A scientist has found that feeding a special probiotic supplement to newborn dairy calves gives them a head start by protecting their health during their vulnerable first weeks of life.
“I guess my biggest thing is calves are the future of the farm,” said Maddison Degenshein, who conducted the research for her Master of Science degree in ruminant nutrition at the University of Alberta.
“And so, I think it’s really important that we are putting the research, the time, the money and the energy into making sure that we’re supporting them and making them healthier and happier as we continue to progress and push these animals to be productive for us.”
Due to their underdeveloped immune systems, newborn calves are vulnerable to infections from ingested microbes, she said. Common ailments such as diarrhea can affect their growth and even potentially kill them.
In her research, newborn Holstein calves were fed beneficial strains of lactobacillus bacteria taken from the intestines of healthy Holstein heifer calves that had been weaned, said Degenshein. The goal was similar to that of human beings who take probiotics to boost the number of beneficial bacteria in their guts to ward off harmful microbes, she said.
Lactobacillus are used in everything from sourdough to yogurt.
“And we believed that by feeding it to these calves and promoting those healthy microbes, we’d be able to continue to promote healthy gut development in that first week.”
She found such calves “had a numerically lower incidence of being sick, so we fortunately had very healthy calves the whole time.”
Besides good weight gain, some calves also had reduced levels of stress, she added.
Such benefits could influence future milk production by the animals, said the university statement.
“So, it was quite positive results, all things considered,” said Degenshein.
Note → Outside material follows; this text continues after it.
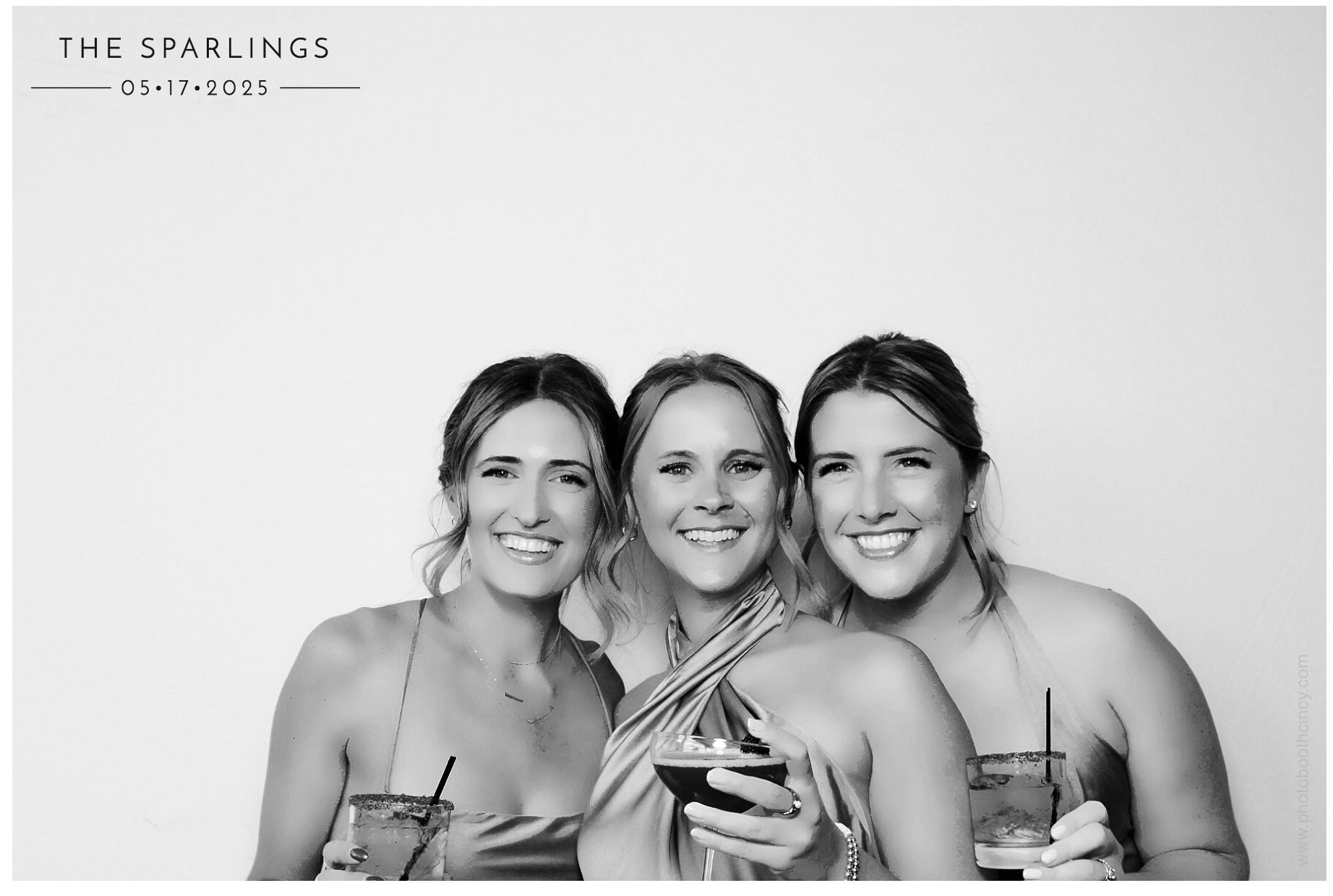 Emily & Matt | View more photos from the event at gallery.photoboothcincy.com/u/PhotoBoothCincy/Emily-Matt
Because such probiotics can easily be cultivated from the animals’ own manure, they could also potentially provide a more sustainable source that is native to bovines, she said in the university statement. Probiotic supplements developed from plant-based sources are commonly used in cattle feed, she said.
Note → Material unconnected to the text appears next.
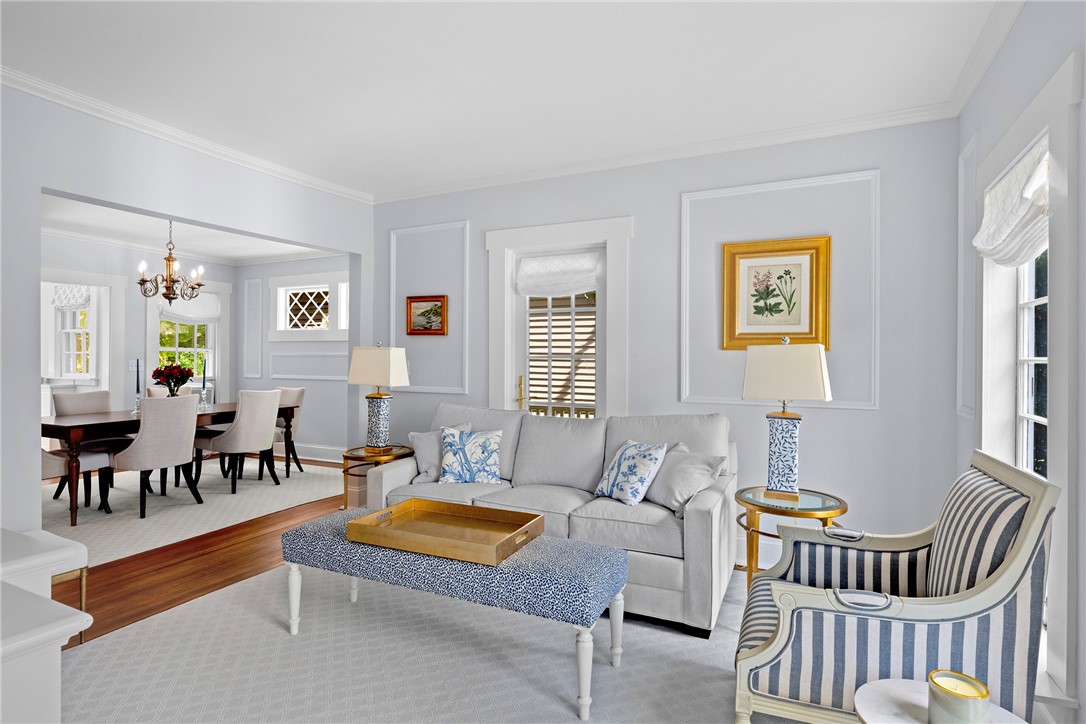 5 Pell Street Newport, RI 02840 - Photo 3 of 44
However, she added in an interview the results of her research have not yet been peer-reviewed and published in a scientific journal.
About 40 newborn calves were twice fed colostrum, which is typically the first milk produced within 24 hours after they’re born, she said. They need it within the first two to four hours of life for the best absorption of immunoglobulins, which are a type of protein that helps fight infection.
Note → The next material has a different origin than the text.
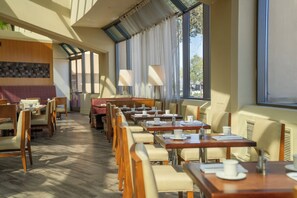 供應早餐、午餐及晚餐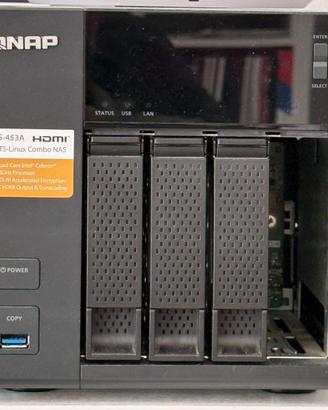 NAS QNAP TS-453A 4 bay 8GB 240GB SSD HDMI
“So, it’s kind of their mom’s way of protecting them after they’re born, which is hugely important. And then we don’t typically see them growing or developing their own immune system for quite some time, so a few weeks, which leaves them vulnerable for that time.”
The calves were randomly assigned within the first week to one of four groups: milk replacer, transition milk, and with or without probiotics. Researchers made weekly observations about blood and fecal samples, as well as weight during a six-month period.
The calves that were given the probiotic were fed it each morning for a week, said Degenshein. The research potentially opens the door to another way of ensuring the health of dairy cattle, which play an important role in agriculture, she said.
“We’ve made these incredible animals that are able to produce almost 100 pounds of milk in a day, and so I think that just giving them the opportunity or supporting them the best that we can is kind of what we’re here for.”